NY bill: Public hearings, not
grand juries in killings by cops

 
BY BRIAN WILLIAMS  
A bill being prepared for introduction in the New York state legislature in January would require judges to hear evidence in public court hearings when cops kill civilians, banning the use of grand juries in such cases. This would be an advance for working people.

The bill is one result of the pressure from ongoing protests in New York and elsewhere by fighters against cop brutality. In many cases local grand juries, which meet in secret, have refused to indict cops who killed unarmed people, disproportionately young African-American men, as happened in the death of Eric Garner in Staten Island, New York, last year.

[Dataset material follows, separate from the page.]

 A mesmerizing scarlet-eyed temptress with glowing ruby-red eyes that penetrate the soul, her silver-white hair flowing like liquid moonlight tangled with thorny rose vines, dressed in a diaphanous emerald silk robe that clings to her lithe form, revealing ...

The New York bill is being sponsored by Democratic Assemblyman Charles Barron. It’s modeled after similar legislation signed Aug. 11 by California Gov. Jerry Brown.

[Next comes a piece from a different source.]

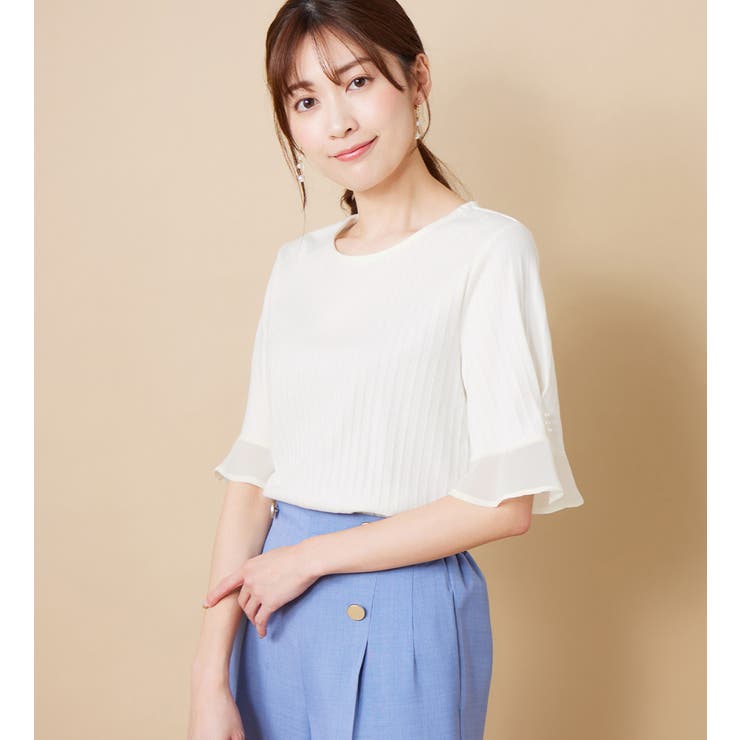 オフホワイト | パール調ボタン付テレコリブトップス | alotta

Millions saw the video on YouTube of Daniel Pantaleo putting a fatal chokehold on Garner. “The whole world saw it except this grand jury,” Barron said at an Aug. 17 news conference at City Hall.

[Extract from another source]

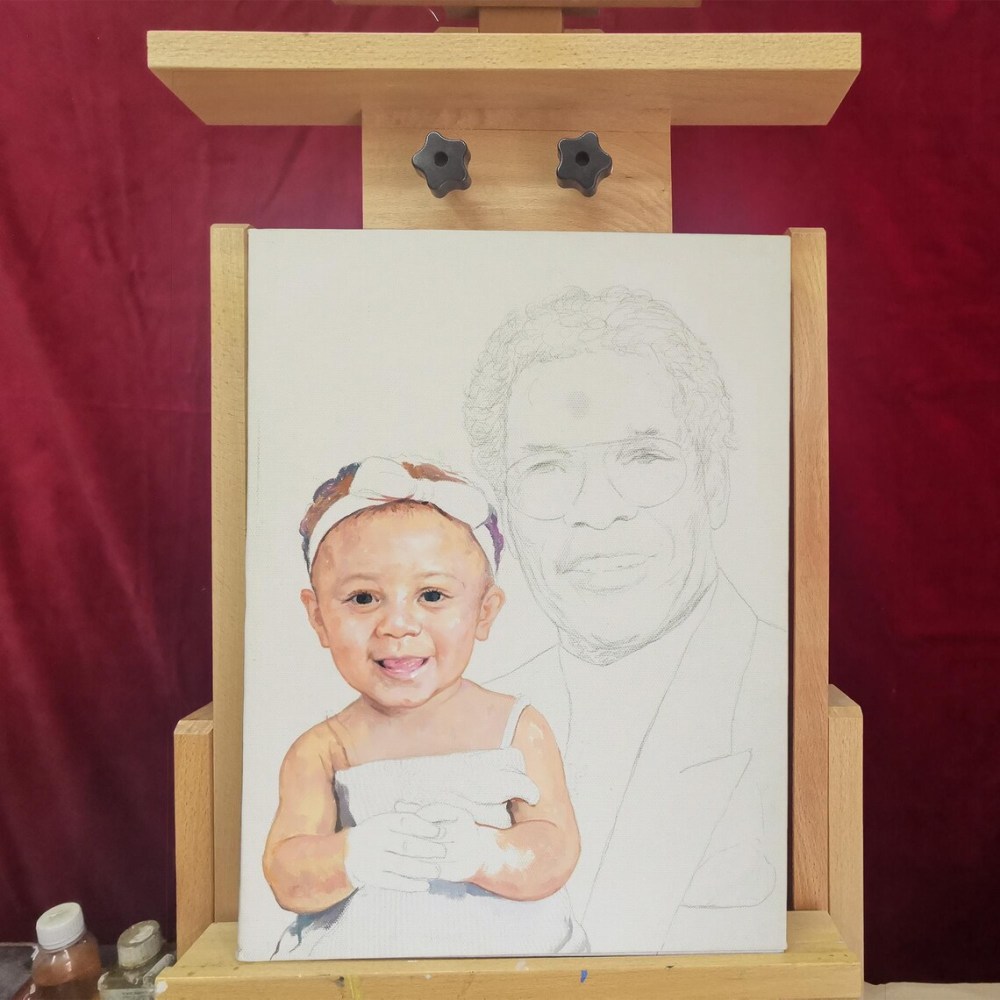 Custom Composite Oil Painting from Multiple Photos – Hand-Painted Personalized Art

“I think the whole country needs to follow suit,” Gwen Carr, Garner’s mother, said at the press conference.

At least 179 people were killed by on-duty New York Police Department officers over the past 15 years. But under the whitewash grand jury system, widely hated by working people, only three of these deaths led to an indictment, a Dec. 2014 study by the New York Daily News reported. Only one officer who killed someone while on duty has been convicted, and he wasn’t sentenced to jail time.

The Daily News also reported that more than 27 percent of those killed by cops over these years were unarmed and 86 percent were Black or Latino.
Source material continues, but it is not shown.